Achja, an dem Messgerät kann man nicht erkennen, ob voreilend oder nacheilend. aber ein Röhrenmonitor funktioniert im Prinzip fast wie eine Endstufe, nur dass hier eine wesentlich höhrere Spannung gebraucht wird. Dieser wird aber dennoch wie im Amp auch eine Frequenz aufmoduliert, damit der Elektronenstrahl zur richtigen Zeit die richitge Stärke hat.

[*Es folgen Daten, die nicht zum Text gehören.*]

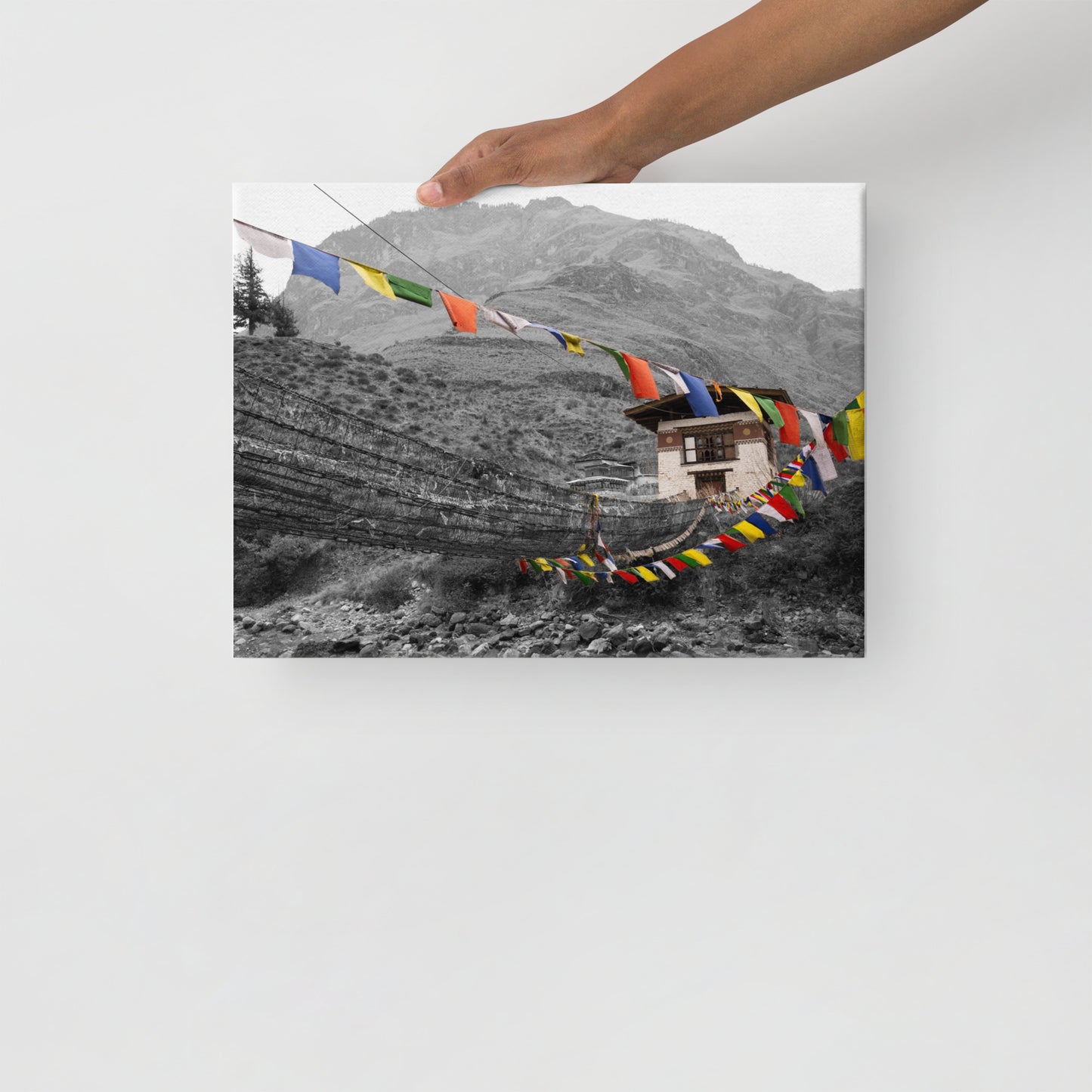 Bhutanese Old Stupa 02 - Canvas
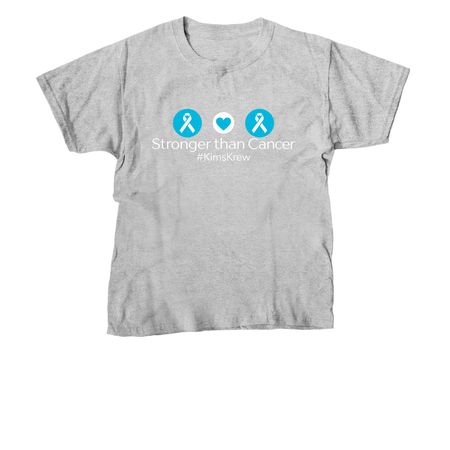 Stronger than Cancer, a Sport Grey Youth Unisex Tee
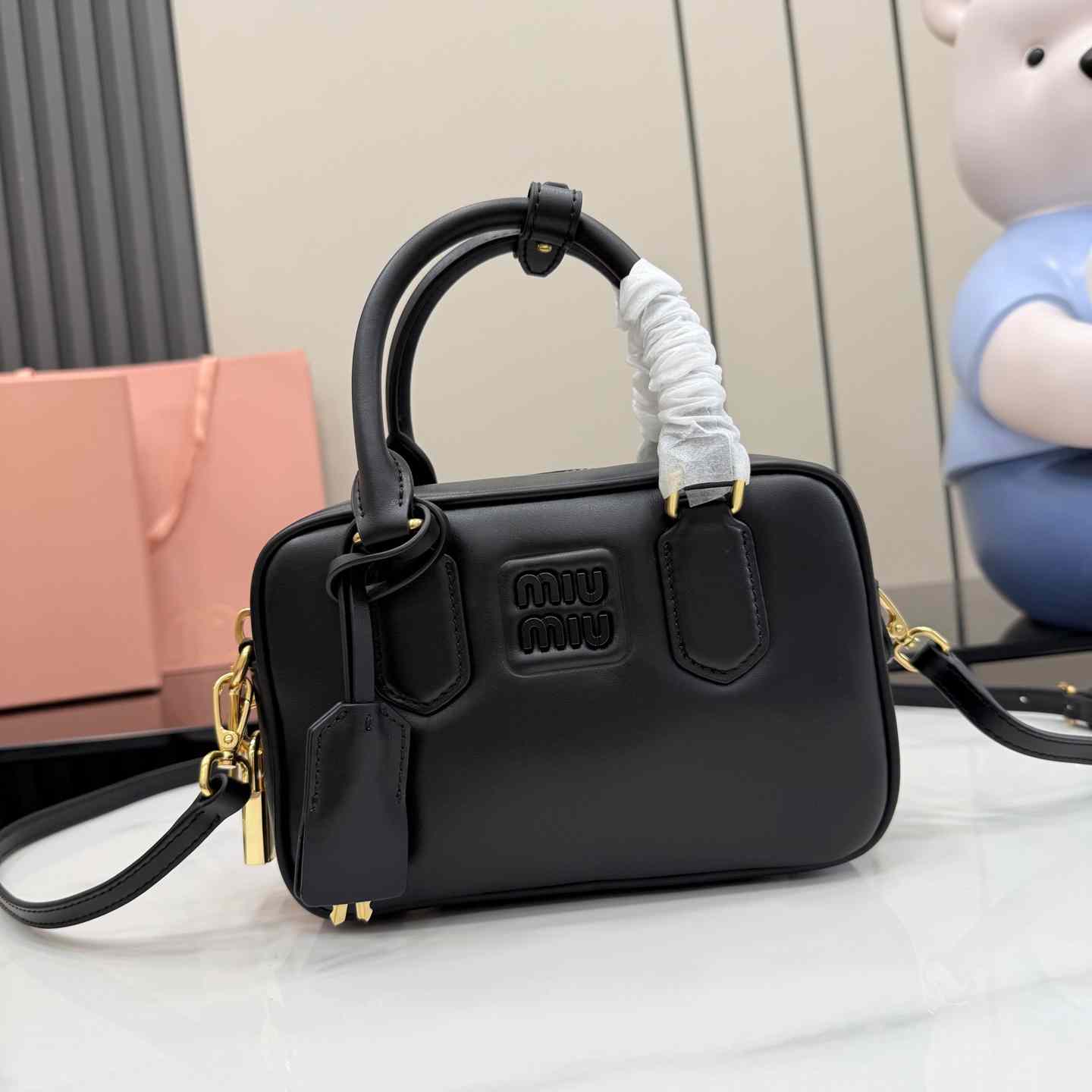 Miu Miu Arcadie Leather Bag 5BB123 - DopestKickz
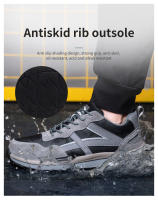 Zapatos de Trabajo de Moda Antichoque con Punta de Acero Cómodos Resistentes a la Perforación y Antideslizantes para Hombres - details 10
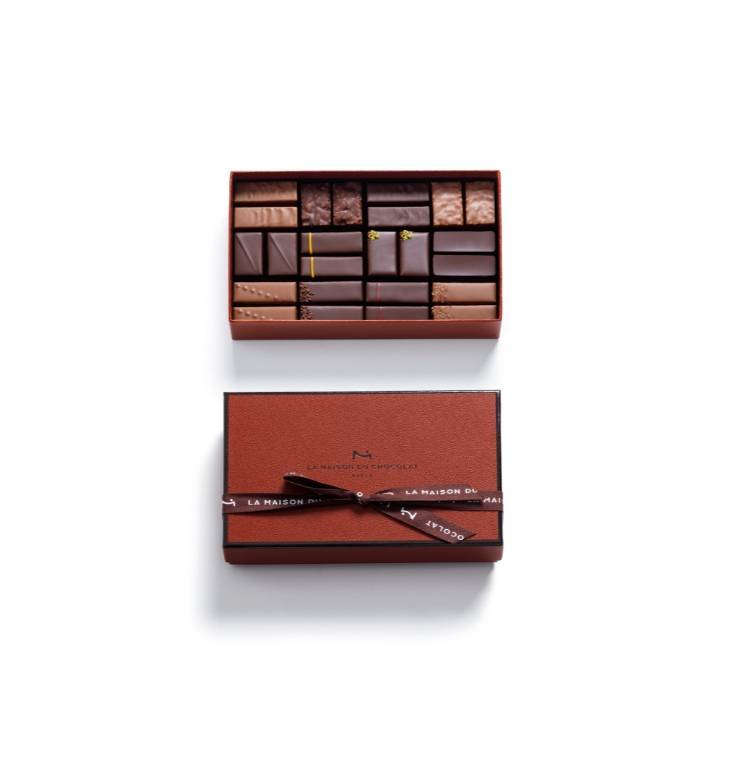 Coffret Maison Dark and Milk Chocolate 24 pieces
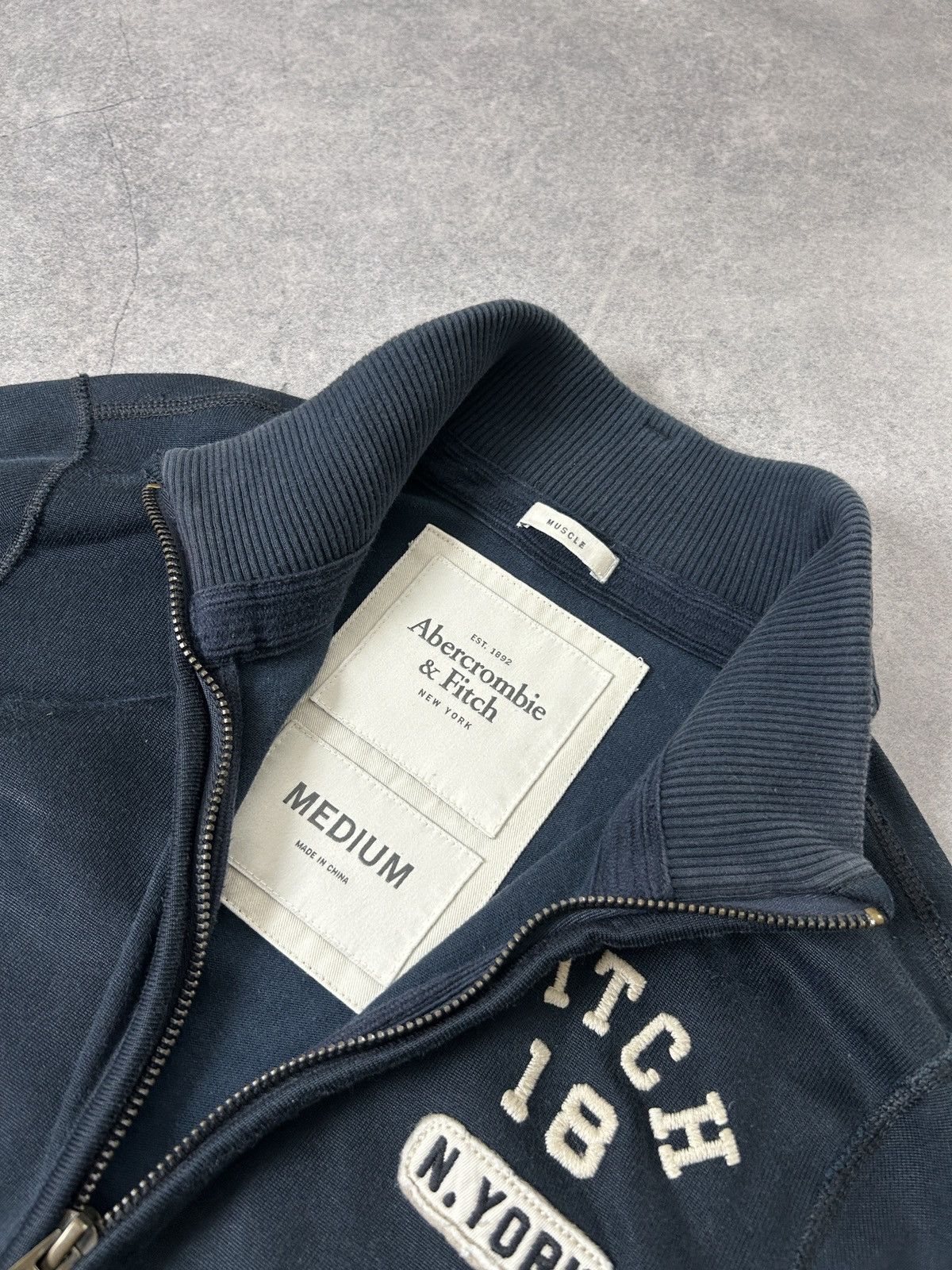 Abercrombie & Fitch Vintage Abercrombie Fitch y2k track blue jacket mens Size US M / EU 48-50 / 2 - 5 Thumbnail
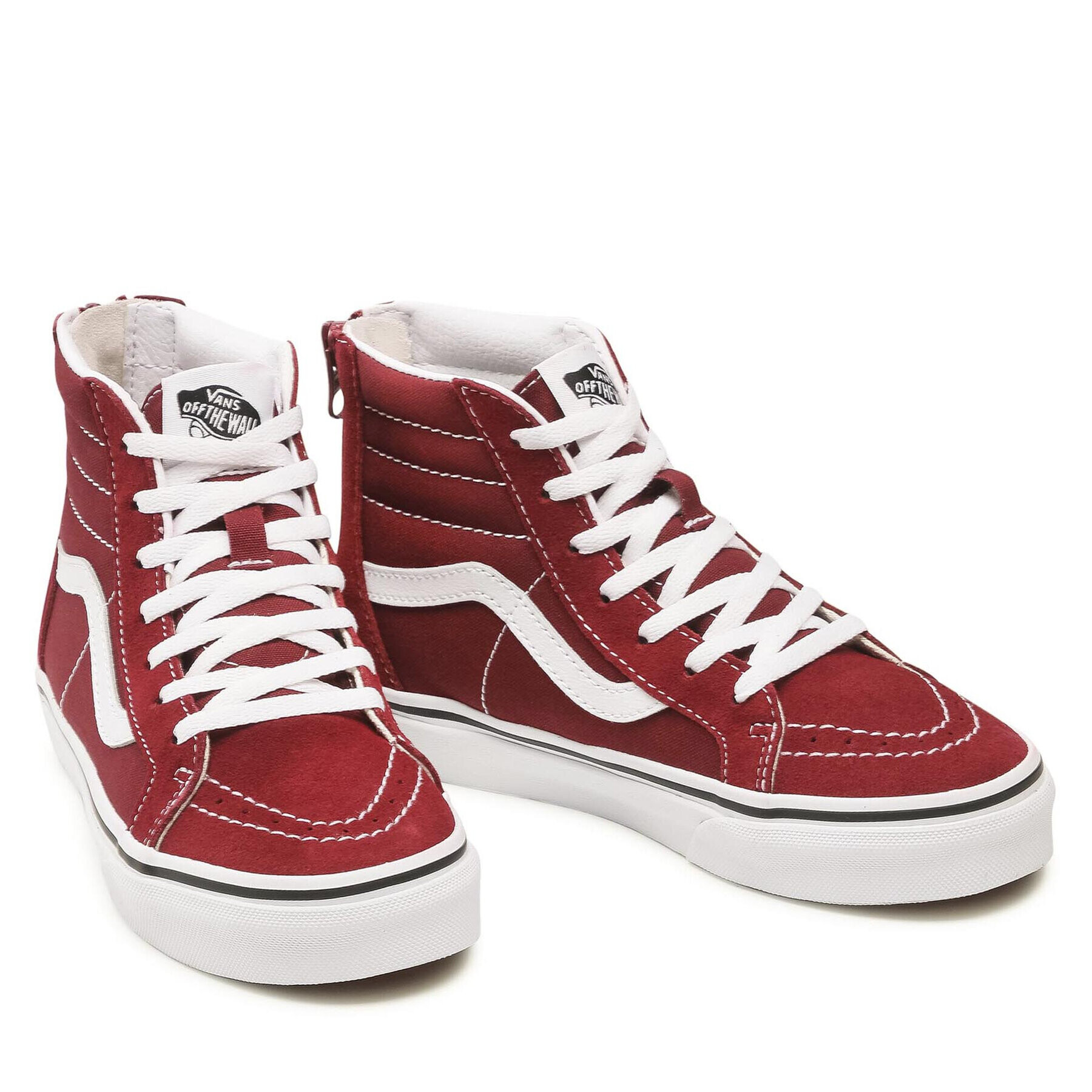 Vans Superge SK8-Hi Zip VN0A4BUX9AK1 Bordo rdeča - Pepit.si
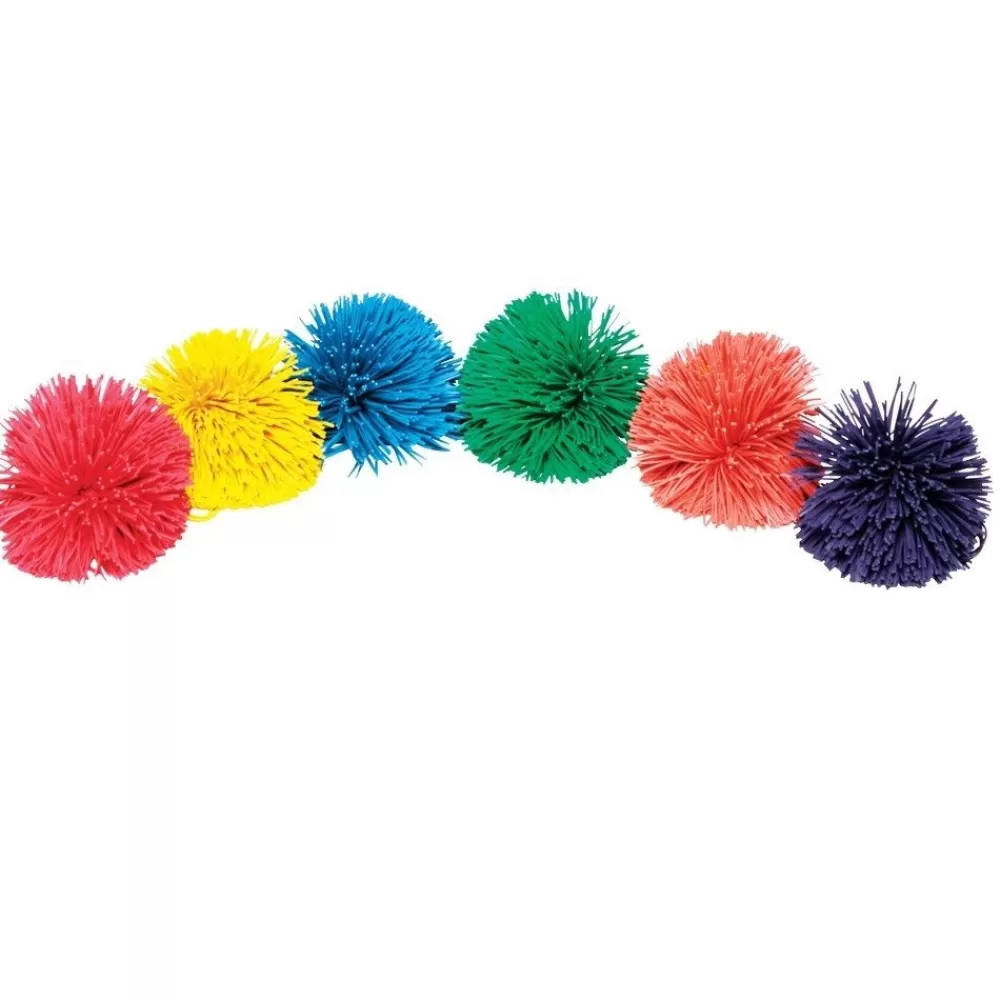 Lot de 6 balles pompons --HOPTOYS Hot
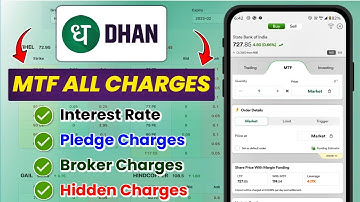Mtf trading in dhan | Mtf charges in dhan | margin trading facility on dhan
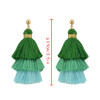 E-4230 11 Colors New Fashion Women Tree shape Long Tassel Drop Dangle Earring for Women Bohemian Jewelry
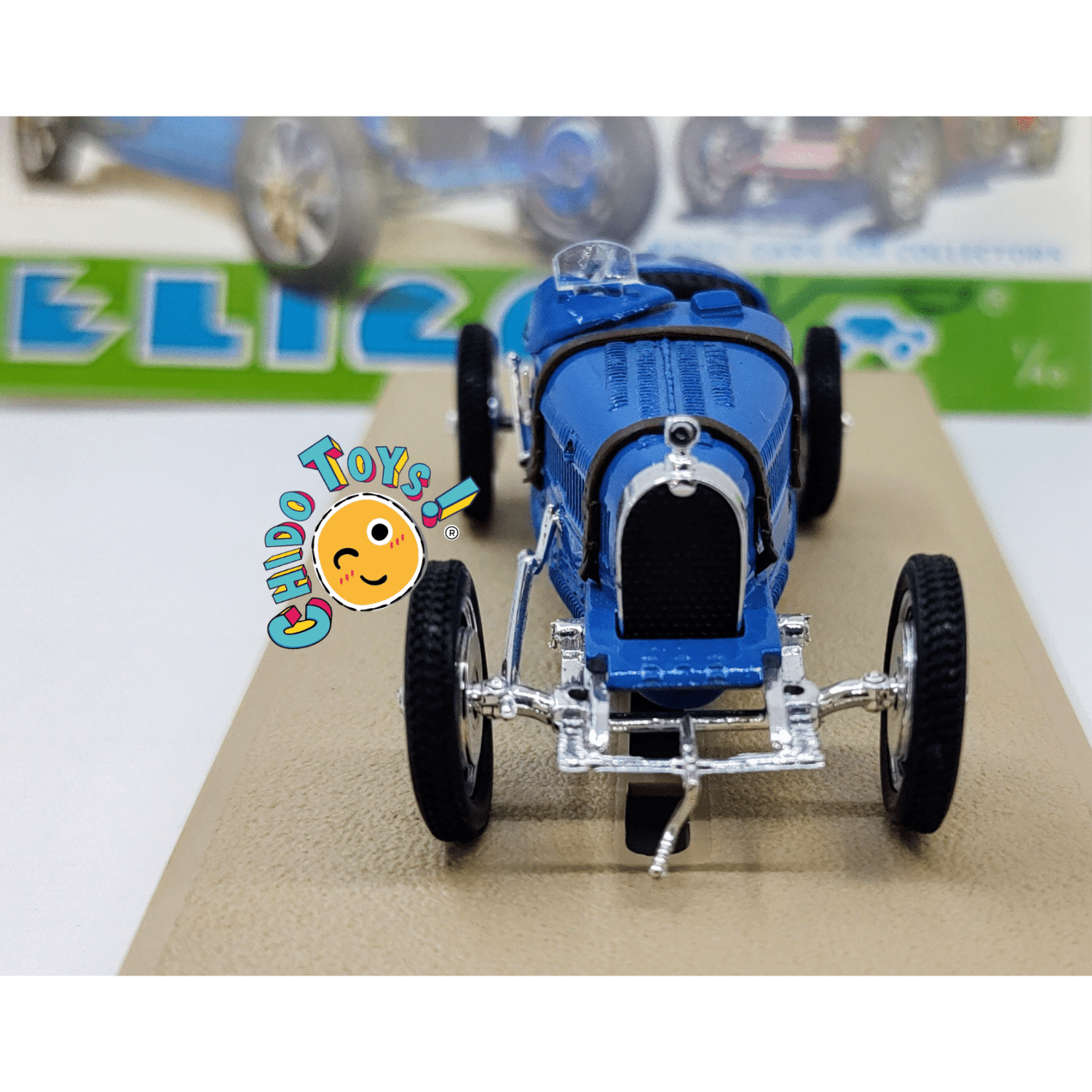 Bugatti 35B Course 1927 1:43 – Elicor Hobbycar S.A. (Made in France) con Catálogo Original - Chido Toys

Ein Monitor hat sogar daher noch höhere Anforderungen an eine saubere Spannungsversorgung. Denn hier sieht man auch schon sehr leichte Abweichungen.



Oder kann es vllt sein, dass bei einem Röhrenmonitor nur viel Energie gebraucht wird, um die Kathoden anzuheizen, und wenn die einmal warm sind, ist der Verbrauch sehr gering, da der Elektronenstrahl ja nicht soviel Leistung braucht?
Cassie
Inventar
#46 erstellt: 24. Okt 2006, 17:15
Moin
Bei ner Röhre hast du nahezu keine Ohmsche last, die ablenkung funktioniert Induktiv oder Elekrostatisch (eher bei Oszis), die Kathoden Heizung dürfte minimal sein, das Netzteil wird auch wenig mit einer Ohmschen last zu tun haben. Allerdings kommt mir der doch Extrem niedrige CosPhi etwas seltsam vor.
Hab aber jetzt kein Röhrengerät da zum schauen.

Cassie
HiFi_Addicted
Inventar
#47 erstellt: 24. Okt 2006, 17:19
Also mein Röhrenmonitor kommt auf ~0,25A Cos Phi hab ich nicht bestimmt. 5W Wirkleistung kommt mir auch sehr niedrig vor. Gibt es nicht iegendeinen Vorschrifft die einen PFC vorschreibt? Ich hab vor Jahren auch nur den Artikel überflogen und weiss nicht mehr wo ich das gelesen habe.

MfG Christoph
Emo
Inventar
#48 erstellt: 24. Okt 2006, 17:29
Also meine 17er Röhre kommt auf ~0,42A, cos phi 0.99. Jedenfalls nach Energiekostenmessgerät
Poison_Nuke
Inventar
#49 erstellt: 24. Okt 2006, 17:32
hm, dann hab ich wohl ne komische Röhre.

Weil komischerweise zeigt mit das Messgerät bei allen anderen Geräten hier im Haushalt sehr schlüssige und passende Werte an.